Google’s Cloud AI leads on the three frontiers of model capability

Michael Gerstenhaber is a product VP at Google Cloud, where he primarily works on Vertex AI. This is the company’s unified platform for deploying enterprise AI. His role provides a high-level view of how companies are actually using AI models and what still needs to be done to unleash the potential of agentic AI.

In a conversation with Gerstenhaber, one idea stood out as particularly novel. He explained that AI models are simultaneously pushing against three frontiers. The first is raw intelligence. The second is response time. The third is a quality less about raw capability and more about cost—specifically, whether a model can be deployed cheaply enough to run at massive, unpredictable scale. This framework offers a new and valuable way to think about model capabilities, especially for those trying to push frontier models in a new direction.

Gerstenhaber shared his background and current work. He has been in AI for about two years, spending a year and a half at Anthropic before joining Google almost half a year ago. He runs Vertex AI, Google’s developer platform. Most customers are engineers building their own applications who want access to agentic patterns, an agentic platform, and inference from the world’s smartest models. Gerstenhaber’s team provides that infrastructure, while companies like Shopify and Thomson Reuters build the actual applications for their domains.

He was drawn to Google because of its unique vertical integration. The company controls everything from the infrastructure layer, building data centers and power plants, to its own chips, models, and inference layer. It also controls the agentic layer with APIs for memory and interleaved code writing, an agent engine for compliance and governance, and consumer and enterprise chat interfaces like Gemini. This comprehensive control is a key strength.

When considering the competitive landscape, Gerstenhaber sees three distinct boundaries for model capabilities. Models like Gemini Pro are tuned for raw intelligence, ideal for tasks like code writing where the best possible output is the priority, regardless of time.

A second boundary is latency. For applications like customer support, where an agent needs to apply a policy or answer a question, intelligence is required but speed is critical. The most intelligent response is useless if it arrives after the customer has hung up.

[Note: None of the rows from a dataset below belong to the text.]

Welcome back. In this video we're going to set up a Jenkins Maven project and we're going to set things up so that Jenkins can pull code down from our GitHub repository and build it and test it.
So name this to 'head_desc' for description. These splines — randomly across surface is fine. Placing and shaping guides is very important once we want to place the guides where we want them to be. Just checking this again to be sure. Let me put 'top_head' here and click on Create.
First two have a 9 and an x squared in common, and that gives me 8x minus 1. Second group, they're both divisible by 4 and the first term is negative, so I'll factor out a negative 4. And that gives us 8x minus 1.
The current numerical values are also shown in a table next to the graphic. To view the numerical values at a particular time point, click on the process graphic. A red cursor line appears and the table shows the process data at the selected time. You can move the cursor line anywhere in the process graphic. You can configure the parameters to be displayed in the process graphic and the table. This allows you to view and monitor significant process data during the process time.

The third boundary is cost at scale. A company like Reddit or Meta, needing to moderate vast amounts of content, requires a model intelligent enough for the task but also affordable enough to scale infinitely against an unpredictable volume of work. For these cases, cost becomes the paramount concern.

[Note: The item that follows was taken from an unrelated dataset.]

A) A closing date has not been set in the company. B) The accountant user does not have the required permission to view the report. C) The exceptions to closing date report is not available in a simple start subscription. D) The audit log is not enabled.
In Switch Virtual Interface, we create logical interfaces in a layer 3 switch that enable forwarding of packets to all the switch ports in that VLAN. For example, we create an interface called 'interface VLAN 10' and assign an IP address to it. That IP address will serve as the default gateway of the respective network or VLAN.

Regarding the slower-than-expected adoption of agentic AI systems, Gerstenhaber notes the technology is only about two years old and still lacks essential infrastructure. Patterns for auditing agent actions or authorizing data access for agents are not yet established. Production deployment always lags behind technological capability, and two years is not enough time to see the full intelligence manifest in live systems.

He observes that agentic AI has moved uniquely quickly in software engineering because it fits neatly into the existing development lifecycle. Safe dev environments, promotion to test, and human-in-the-loop processes like code audits make implementation low-risk. The challenge is to develop similar safe and structured patterns for other professions and use cases.